Hacker News new | ask | show | jobs
by brainsmith 2302 days ago
Due to the the lack of native strings in WebAssembly different Wasm compilers have different memory layouts and string encodings. For example assemblyscript uses ucs2 for the sake fo compatibility with JavaScript. This obliges to carefully work with memory bounds, string length estimation due to difference in host native and guest string encodings.

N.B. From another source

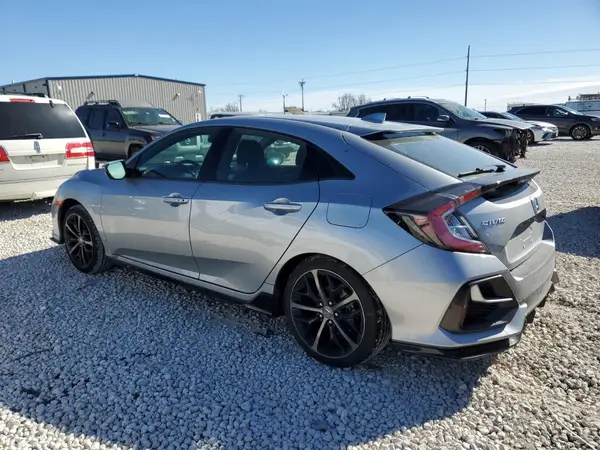 SHHFK7H4XMU211765 2021 HONDA CIVIC - Image 2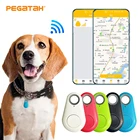 Умный GPS-трекер для домашних животных, миниатюрная сигнализация против потери, Bluetooth, трекер, GPS брелок для ключей с локатором, детский ITag-трекер, поиск ключей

For the specific goal of working with Strings in rust and assemblyscript I've created this project: https://github.com/onsails/wasmer-as.

2 comments

I've created an equivalent library for Python and used your project as a reference:

https://github.com/miracle2k/wasmbind

I'm wondering why AssemblyScript uses UCS-2 instead of UTF-8. Do browsers use UCS-2 as well?
AS as well as JS interpret code strings as UTF16-LE during follow methods: String.p.codePointAt, String.p.toUpperCase/toLowerCase, String.p.localeCompare, String.p.normalize, String.fromCodePoint, Array.from(str). In rest cases strings interprets as UCS-2.
The do in all the observable JS APIs, but behind the scenes there are a number of optimizations in each JS engine to deal with the fact that most JS and JSON source comes off the wire in UTF-8 or ASCII.